Mortality in Hospitalized Patients After Elective and Nonelective Surgery

Authors: Epstein, Richard H. M.D., F.A.S.A et al 

Anesthesiology March 27, 2025.

Background:

Perioperative death globally has been described as the third leading cause of death behind heart disease and malignant neoplasm and ahead of cerebrovascular disease. However, studies of all-cause perioperative mortality have not distinguished patients who were outpatients preoperatively (“elective”) from patients having urgent surgery or having surgery on a day after their date of admission (“nonelective”). Strategies for reducing overall perioperative mortality are affected by whether most deaths occur after elective or nonelective surgery.

Methods:

We studied all adult patients undergoing major diagnostic or therapeutic surgery in Florida in 2021 and 2022 hospitalized ≥2 midnights.

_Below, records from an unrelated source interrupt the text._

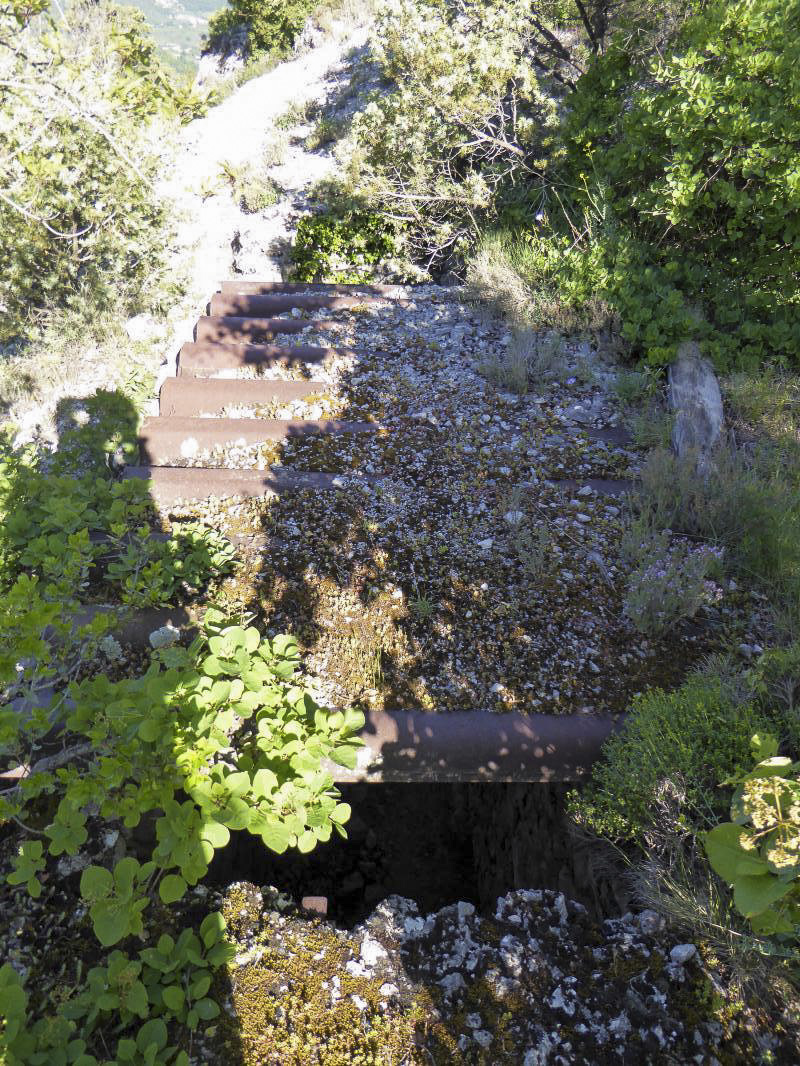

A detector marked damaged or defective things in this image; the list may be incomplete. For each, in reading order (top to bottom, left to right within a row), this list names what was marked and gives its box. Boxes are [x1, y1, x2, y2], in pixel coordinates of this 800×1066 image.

rusty brown metal edge [219, 279, 407, 296]
rusty brown metal edge [210, 292, 386, 315]
rusty brown metal edge [196, 317, 343, 343]
rusty brown metal edge [180, 345, 358, 375]
rusty brown metal edge [160, 379, 326, 415]
rusty brown metal edge [138, 415, 381, 466]
rusty brown metal edge [125, 464, 347, 505]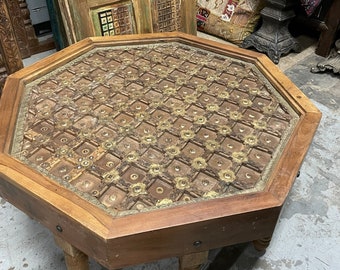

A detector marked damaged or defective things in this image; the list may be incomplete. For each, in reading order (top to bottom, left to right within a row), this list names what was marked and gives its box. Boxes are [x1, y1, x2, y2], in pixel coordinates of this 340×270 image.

rusty metal surface [9, 41, 298, 216]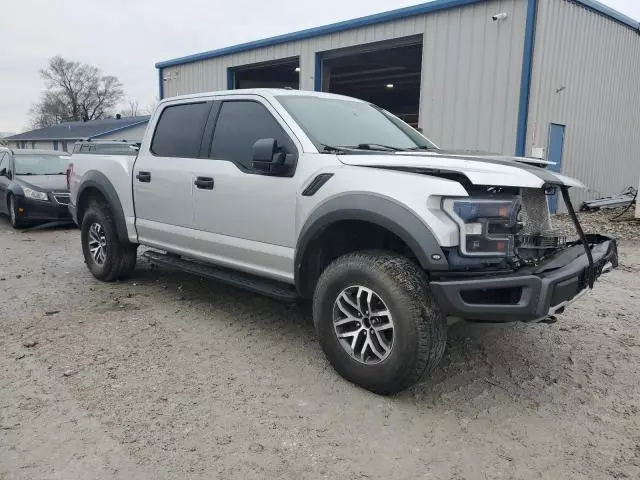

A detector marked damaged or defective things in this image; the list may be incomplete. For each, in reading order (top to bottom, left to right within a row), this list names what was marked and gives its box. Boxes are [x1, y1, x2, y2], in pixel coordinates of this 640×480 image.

damaged front bumper [432, 235, 616, 324]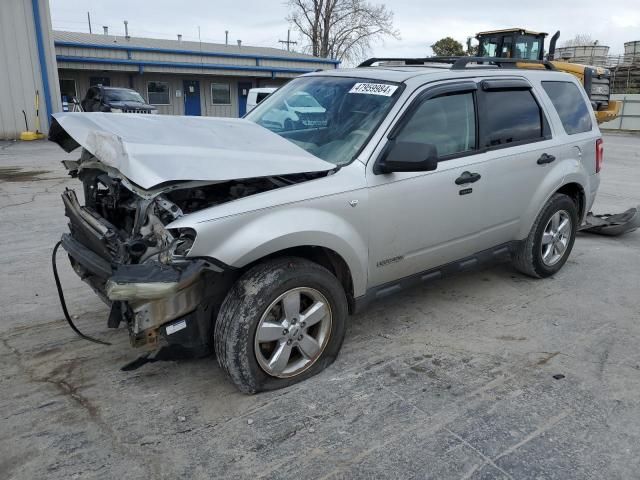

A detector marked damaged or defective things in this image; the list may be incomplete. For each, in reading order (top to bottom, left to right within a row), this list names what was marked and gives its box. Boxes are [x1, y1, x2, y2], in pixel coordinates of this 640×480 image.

damaged silver suv [48, 57, 600, 394]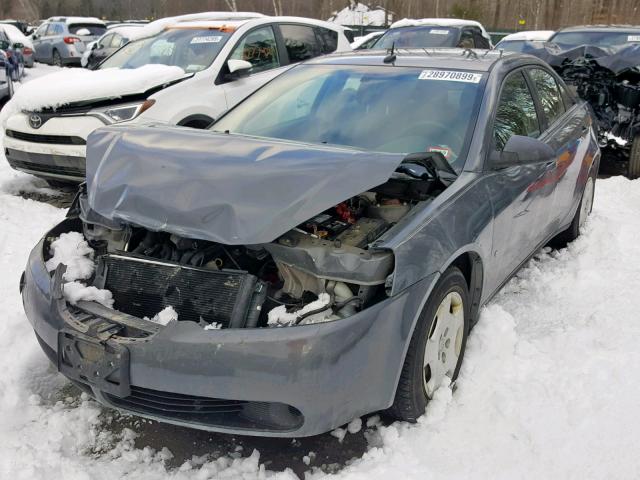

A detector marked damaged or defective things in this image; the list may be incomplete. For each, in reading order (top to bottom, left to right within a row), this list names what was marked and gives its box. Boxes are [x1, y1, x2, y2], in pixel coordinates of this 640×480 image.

damaged bumper [22, 227, 438, 436]
front end damage [22, 125, 452, 436]
crumpled hood [85, 124, 404, 244]
wrecked vehicle [21, 50, 600, 436]
damaged gray sedan [21, 50, 600, 436]
wrecked vehicle [524, 26, 640, 176]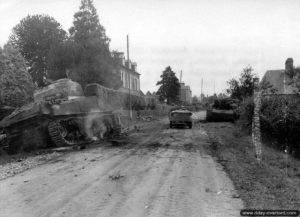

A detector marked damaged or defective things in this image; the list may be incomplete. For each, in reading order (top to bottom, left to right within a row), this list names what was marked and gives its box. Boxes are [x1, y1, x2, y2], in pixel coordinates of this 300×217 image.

damaged roadway [0, 114, 244, 216]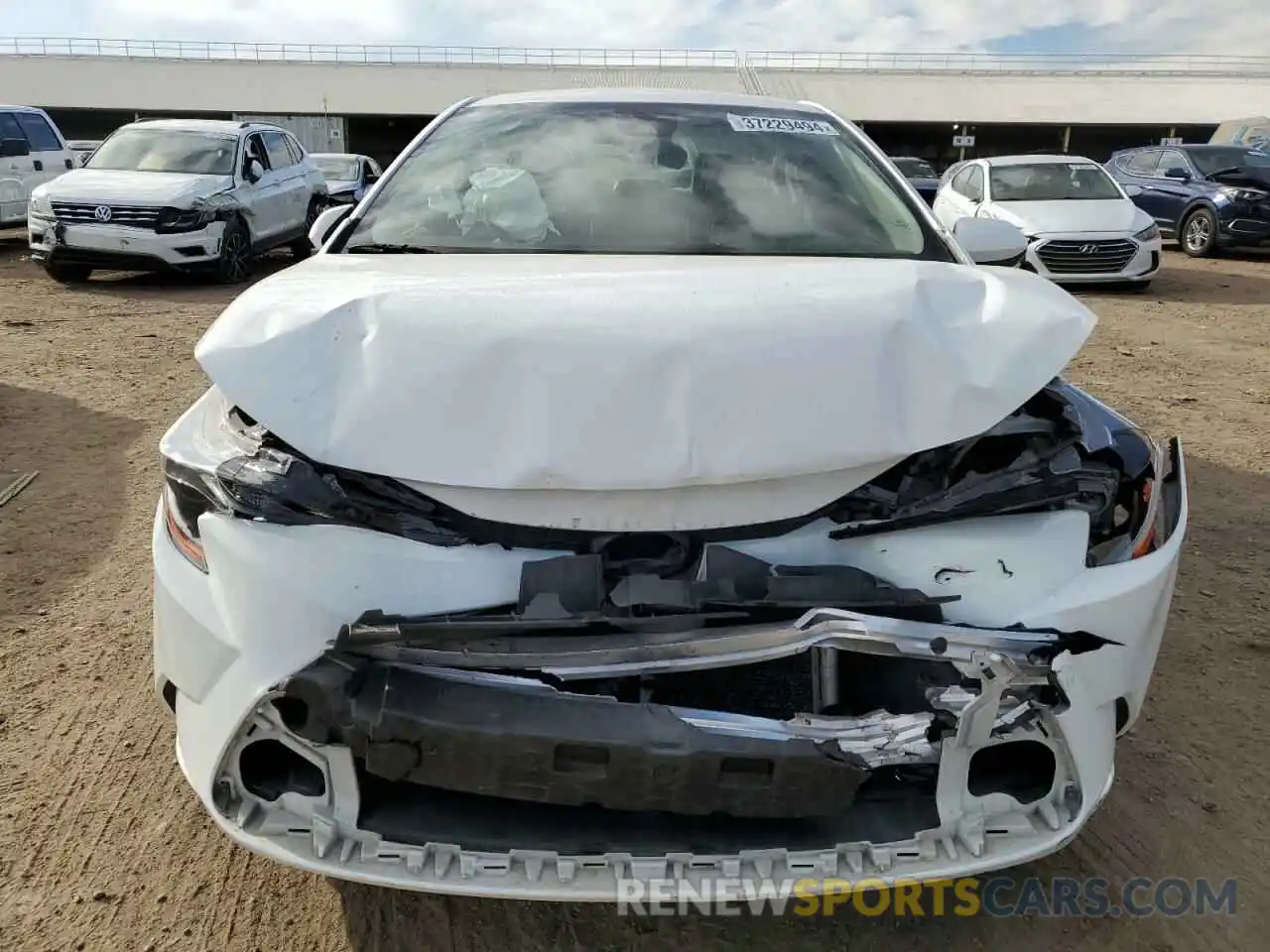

We compared those who survived to discharge or died between the elective and nonelective groups. Major hospital-acquired complications were considered as sensitivity analyses. The diversity of procedures (ICD-10-PCS codes) was quantified using the inverse of the internal Herfindahl.

Results:

Among the 1,245,537 hospitalizations studied, the nonelective group accounted for 94.5% (95% CI 94.0–95.1%) of the 20,874 in-hospital deaths (p < 0.0001 vs 50% [“most”]). The nonelective group also accounted for most (70.0%) hospitalizations studied. The relative risk of death in the elective vs non-elective group was 0.13 (95% CI 0.12–0.14, p < 0.0001 vs. 1.0). The relative risks of acute kidney injury, hospital-acquired pneumonia, a major adverse cardiovascular event, and infection were all <1.0 in the elective group. Hundreds of different ICD-10-PCS occurred commonly among patients who died, in both groups.

Conclusions:

Results of previous studies of all-cause perioperative mortality should not be applied to patients having elective major surgery because most deaths (≈95%) and most cases (70%) are in patients having nonelective major surgery (i.e., already admitted to the hospital or undergoing trauma-related surgery). From a public health perspective, interventions to reduce postoperative mortality should be primarily focused on patients who are inpatients before their first major surgical procedure.